Two additional featurettes highlight some work done on two specific sequences, the snowmobile scene and the conveyor belt fight. They are decent behind-the-scenes pieces, but tend to often veer into promotional format utilizing lots of film footage. This is accompanied by a storyboard-to-film comparison reel where we see direct A-B comparisons between the designs and the actual finished product of one of the action sequences.
The visual effect breakdowns are five short looks at the making of some stunt material, and how it was accomplished with bluescreen photography and composite work. Original storyboards are also presented. Although there is no alternate angle feature, this is the best stuff on the disc, in my opinion.

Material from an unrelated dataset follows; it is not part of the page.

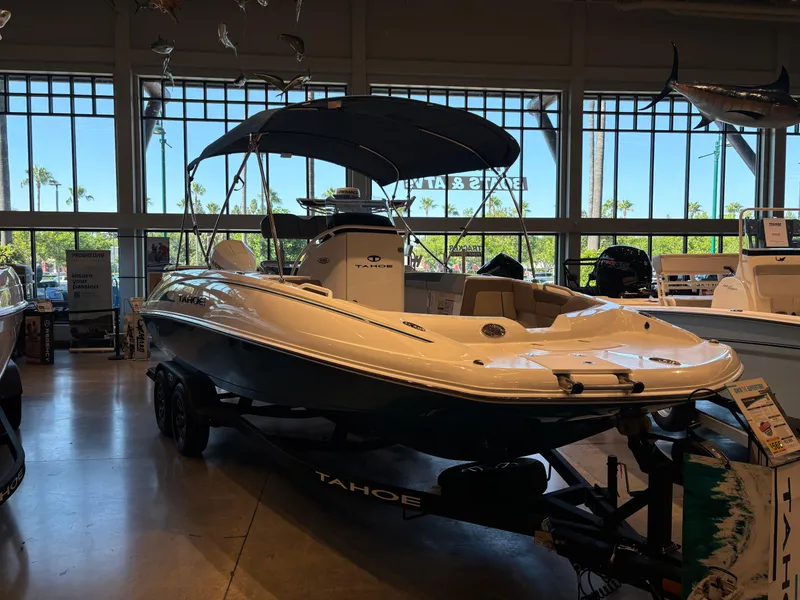 Slide: The Image of 2025 Tahoe 2150 CC boat displayed indoors with canopy and trailer. - 1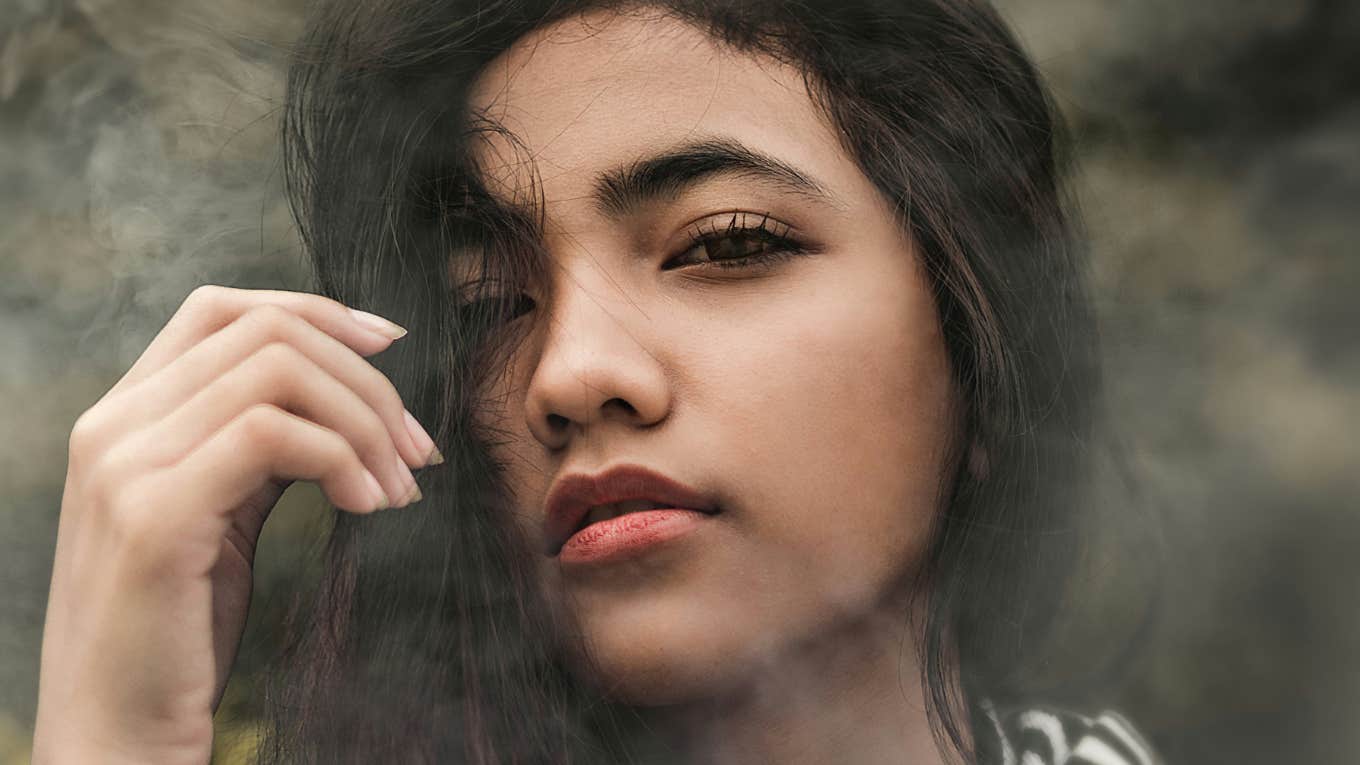 Gen-Z woman shrugs off status symbols.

Everything is rounded off with four original trailers (in very good condition with excellent Dolby Surround audio) and a TV spot, along with THX Optimode calibrations tests. It should also be mentioned that the suppliments all have extremely high quality video, probably due to the very high bitrate at which the whole disc runs. Both discs feature superb animated menus that are very cool without being too slow or annoying. While a lot of the supplements are very "commercial," it's still a pretty solid package.
Extras Grade: A-
Final CommentsI wisely held off purchasing any of the original Die Hard DVDs because I found them, frankly, really disappointing. I don't hold a grudge, though, and figure we'd eventually see the discs revisited, and I'm glad I was right. Judging from this disc, this trilogy is getting an impressive re-birth. Die Hard 2 is pretty wild and furious action film, and the disc delivers the goods. Get ready to blow up your living room.